EXERCISE AIM: Starting from the line that holds "Drug clearance is", print every line through the end of the records, first and last included.

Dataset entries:
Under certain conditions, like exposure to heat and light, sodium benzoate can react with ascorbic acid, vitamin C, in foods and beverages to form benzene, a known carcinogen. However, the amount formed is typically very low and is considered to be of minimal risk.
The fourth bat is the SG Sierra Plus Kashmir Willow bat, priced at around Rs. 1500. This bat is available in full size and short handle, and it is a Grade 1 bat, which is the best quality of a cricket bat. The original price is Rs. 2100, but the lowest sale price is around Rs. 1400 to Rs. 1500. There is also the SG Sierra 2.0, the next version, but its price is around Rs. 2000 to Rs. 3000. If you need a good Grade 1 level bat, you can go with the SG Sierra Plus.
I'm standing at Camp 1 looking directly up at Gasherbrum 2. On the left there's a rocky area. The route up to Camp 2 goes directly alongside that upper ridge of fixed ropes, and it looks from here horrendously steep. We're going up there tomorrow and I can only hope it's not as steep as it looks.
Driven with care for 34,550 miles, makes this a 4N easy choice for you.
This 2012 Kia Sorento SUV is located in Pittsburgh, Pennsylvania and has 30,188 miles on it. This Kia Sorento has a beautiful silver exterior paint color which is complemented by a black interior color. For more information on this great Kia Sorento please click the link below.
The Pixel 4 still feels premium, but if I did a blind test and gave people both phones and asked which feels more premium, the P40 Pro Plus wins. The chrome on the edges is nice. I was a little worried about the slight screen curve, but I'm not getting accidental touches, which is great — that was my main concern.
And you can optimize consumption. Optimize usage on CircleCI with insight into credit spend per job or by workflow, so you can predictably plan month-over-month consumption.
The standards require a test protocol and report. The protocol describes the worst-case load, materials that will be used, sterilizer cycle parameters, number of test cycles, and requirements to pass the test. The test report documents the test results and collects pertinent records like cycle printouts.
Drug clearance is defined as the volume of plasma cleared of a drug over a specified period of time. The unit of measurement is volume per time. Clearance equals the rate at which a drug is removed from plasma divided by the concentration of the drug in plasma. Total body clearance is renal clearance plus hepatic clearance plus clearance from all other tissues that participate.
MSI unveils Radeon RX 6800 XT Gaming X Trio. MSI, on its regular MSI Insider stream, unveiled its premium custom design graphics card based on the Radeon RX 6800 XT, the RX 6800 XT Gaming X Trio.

EXERCISE OUTPUT:
Drug clearance is defined as the volume of plasma cleared of a drug over a specified period of time. The unit of measurement is volume per time. Clearance equals the rate at which a drug is removed from plasma divided by the concentration of the drug in plasma. Total body clearance is renal clearance plus hepatic clearance plus clearance from all other tissues that participate.
MSI unveils Radeon RX 6800 XT Gaming X Trio. MSI, on its regular MSI Insider stream, unveiled its premium custom design graphics card based on the Radeon RX 6800 XT, the RX 6800 XT Gaming X Trio.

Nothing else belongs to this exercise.